Pour ce qui est de l'enregistrement, cela pourrait être fait auprès de I'ARC ou d'un organisme indépendant de la Cour de l'impôt chargé de fournir une analyse proactive.
Deuxièmement, nous aimerions qu'on entreprenne une étude indépendante des enquêtes en matière d'évitement et d'évasion fiscaux amorcées par I'ARC afin d'établir le taux de sanctions imposées, d'intérêts appliqués, de règlements intervenus et de condamnations obtenues par montant d'impôt en litige. Selon des sondages récents, et même dans la presse d'hier, les Canadiens estiment qu'il y a des règles qui régissent les riches et des règles qui s'appliquent aux pauvres. Nous aimerions voir les enquêtes qui ont été menées et savoir combien d'entre elles ont abouti à des condamnations et s'il s'agissait de sommes importantes.
Troisièmement, nous aimerions que vous déposiez un projet de loi visant à mettre un frein à l'évitement fiscal des sociétés, qui viendrait compléter le projet de loi économique d'initiative parlementaire déjà déposé par le député Murray Rankin.
Quatrièmement, nous aimerions exiger une enquête criminelle dans les circonstances appropriées.
Cinquièmement, nous pensons que le Comité devrait exiger que le Commissariat aux conflits d'intérêts et à l'éthique du Canada enquête sur les pratiques d'accueil fort inhabituelles des cadres supérieurs de I'ARC.
Je suis un négociateur. Je négocie avec les fonctionnaires du Conseil du Trésor. Je négocie des contrats au quotidien. Je peux vous garantir que les négociateurs du Conseil du Trésor n'acceptent aucun café qui vient de moi. On peut se rencontrer, discuter, mais ils achètent leur café et j'achète le mien. On n'achète pas de café à des fonctionnaires. C'est une règle très claire.

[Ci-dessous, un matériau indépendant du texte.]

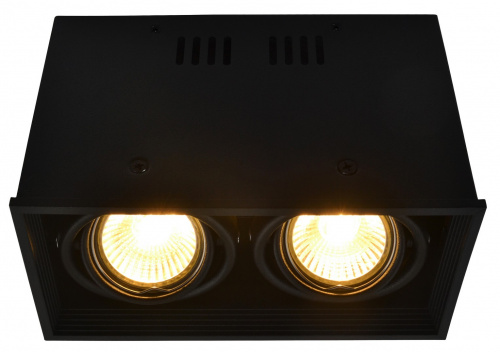 Технический светильник Arte Lamp CARDANI A5942PL-2BK
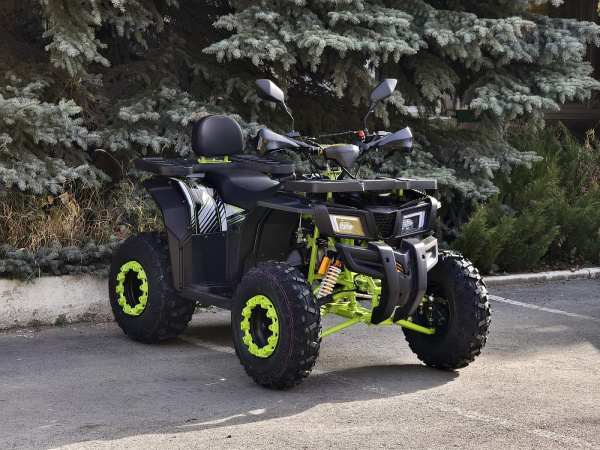 Квадроцикл R - MOTO (Р - Мото) Lion 200Х черный (машинокомплект) | Мототека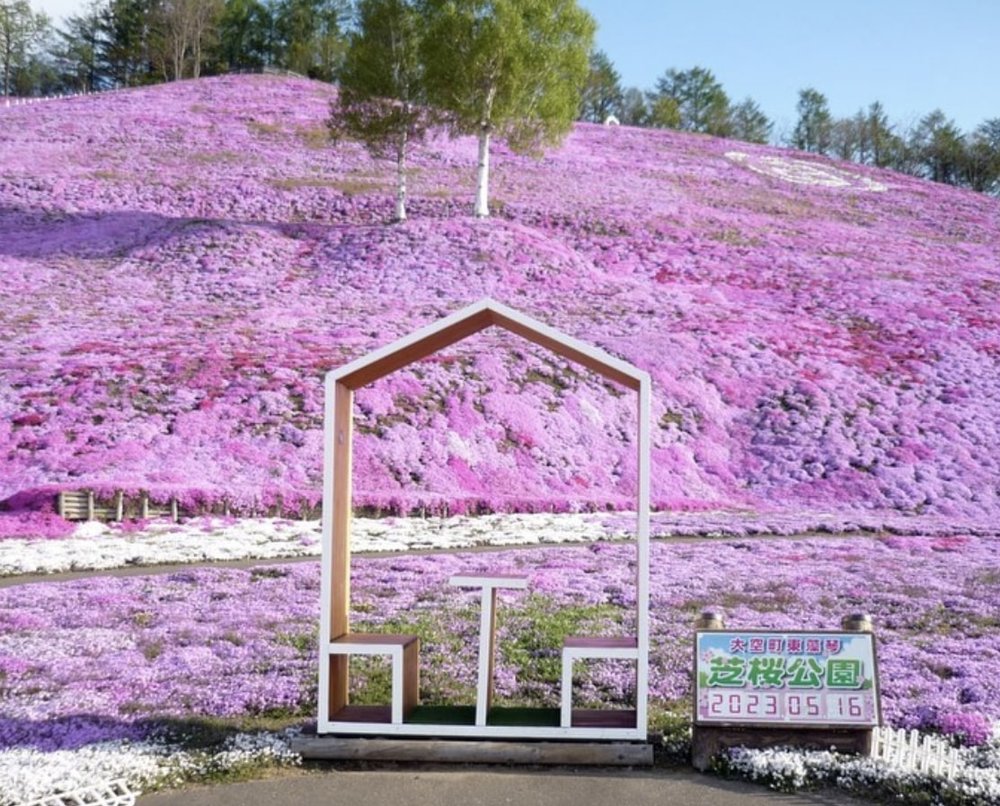 北海道芝櫻景點 - 東藻琴芝櫻公園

Comme avant-dernière recommandation, nous aimerions que le gouvernement entreprenne le processus de révision législative, qui tarde depuis longtemps, de la Loi sur la protection des fonctionnaires divulgateurs d'actes répréhensibles. Il s'agit de la loi sur la protection des dénonciateurs qui s'applique au secteur public, et elle doit s'appliquer également au secteur privé, à l'instar d'autres pays du Commonwealth, comme la Nouvelle-Zélande.
Je siège au comité consultatif sur les divulgateurs dans le secteur public. Cet examen aurait dû avoir lieu il y a quatre ou cinq ans. Les dénonciateurs ont besoin d'une meilleure protection. Ils doivent être récompensés pour avoir fait la bonne chose. On doit les encourager à dénoncer des actes répréhensibles.
Enfin, nous encourageons le Comité à poursuivre ses travaux et à convoquer d'autres témoins, dont le divulgateur américain Michael Hamersley, et peut-être le professeur qui a rédigé l'article dont nous vous avons fait part aujourd'hui.
Je vous remercie du temps que vous nous avez accordé.
:
Monsieur le président, mesdames et messieurs les membres du Comité, bonjour. Je vous remercie d’avoir invité CPA Canada à participer à la réunion d’aujourd’hui.
Je m’appelle Joy Thomas et je suis comptable professionnelle agréée. Depuis le 1er avril 2016, je suis présidente et chef de la direction de CPA Canada.
CPA Canada est l’organisation nationale qui représente les quelque 200 000 CPA canadiens. Elle est notamment responsable de l’élaboration du programme de formation et des programmes de perfectionnement professionnel des CPA. Elle apporte aussi son soutien au processus de normalisation indépendant du Canada, qui est respecté à l’échelle internationale, et publie des lignes directrices pour favoriser l’excellence de l’information d’entreprise et des pratiques financières au pays et à l’étranger. Ce travail vise à servir l’intérêt public.
CPA Canada a été constituée en 2013 dans le cadre de l’unification des professions de comptable agréé, de comptable en management accrédité et de comptable général accrédité du Canada, dont la réglementation est de compétence provinciale. Dans un esprit de collaboration, nous avons créé une seule profession sous la bannière d’un titre unique, soit celui de comptable professionnel agréé.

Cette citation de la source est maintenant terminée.